[Web page caption snippets]
________________________________________

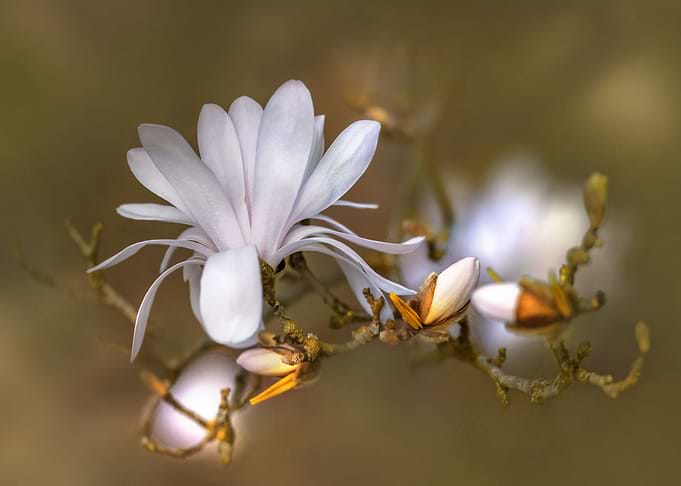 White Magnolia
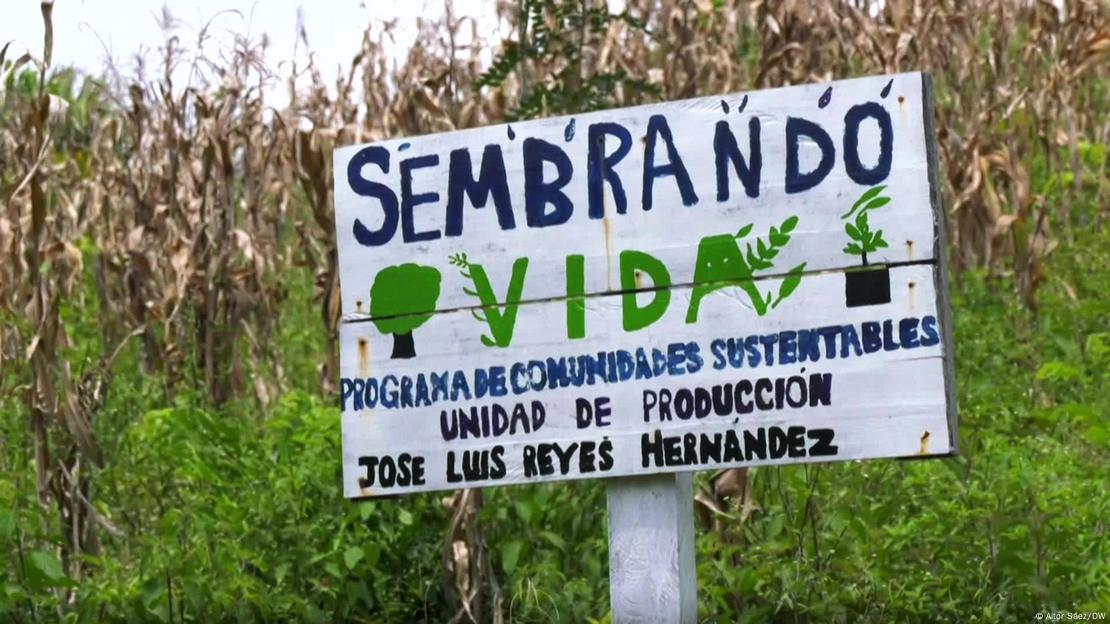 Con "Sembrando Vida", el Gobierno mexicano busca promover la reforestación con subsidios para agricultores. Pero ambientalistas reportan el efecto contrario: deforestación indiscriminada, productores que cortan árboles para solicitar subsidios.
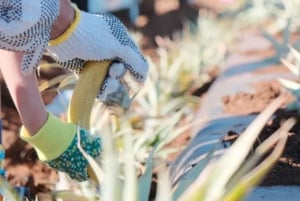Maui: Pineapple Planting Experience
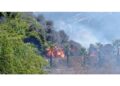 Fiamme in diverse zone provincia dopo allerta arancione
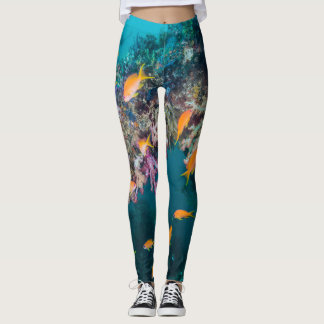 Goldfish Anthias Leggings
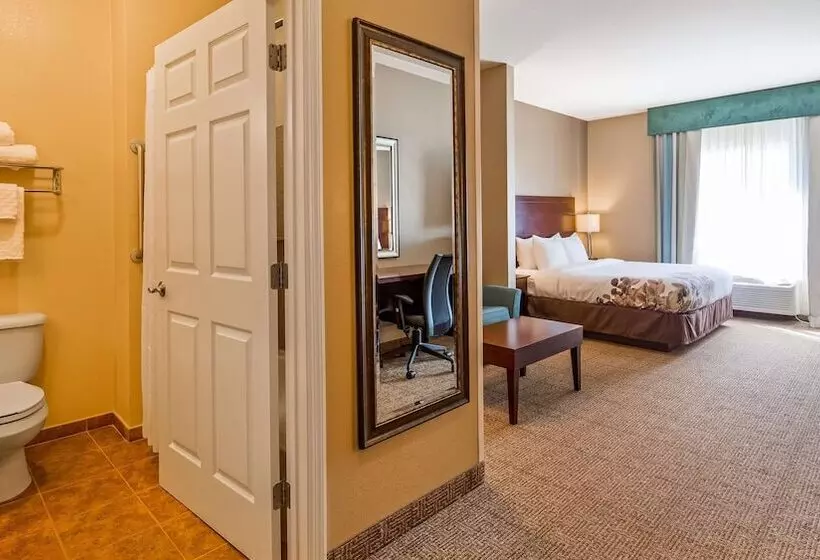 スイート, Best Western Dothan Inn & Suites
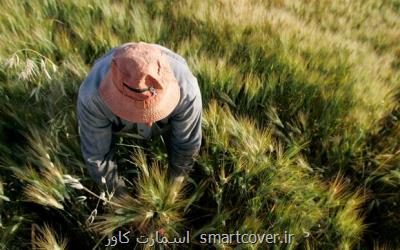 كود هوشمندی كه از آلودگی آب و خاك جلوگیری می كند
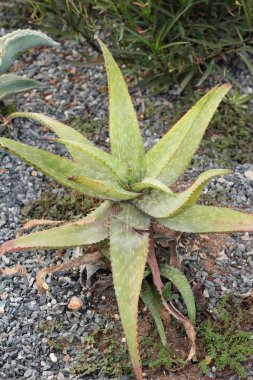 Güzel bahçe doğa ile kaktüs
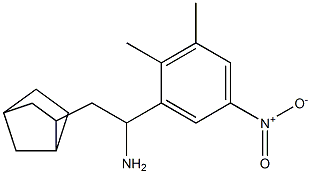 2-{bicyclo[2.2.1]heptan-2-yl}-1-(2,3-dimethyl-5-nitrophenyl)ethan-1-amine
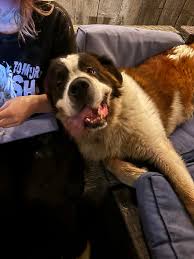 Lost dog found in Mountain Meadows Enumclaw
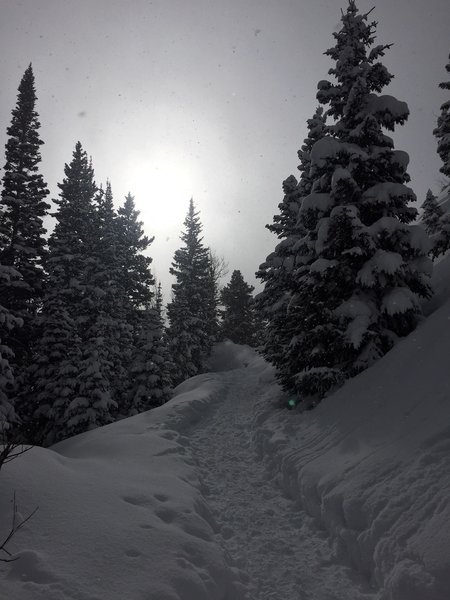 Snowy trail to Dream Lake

________________________________________

What is needed: The copy should begin at the line containing "Güzel bahçe doğa ile kaktüs" and end at the last line of the data above; please restate those lines word for word without the pictures.

Answer:
 Güzel bahçe doğa ile kaktüs
 2-{bicyclo[2.2.1]heptan-2-yl}-1-(2,3-dimethyl-5-nitrophenyl)ethan-1-amine
 Lost dog found in Mountain Meadows Enumclaw
 Snowy trail to Dream Lake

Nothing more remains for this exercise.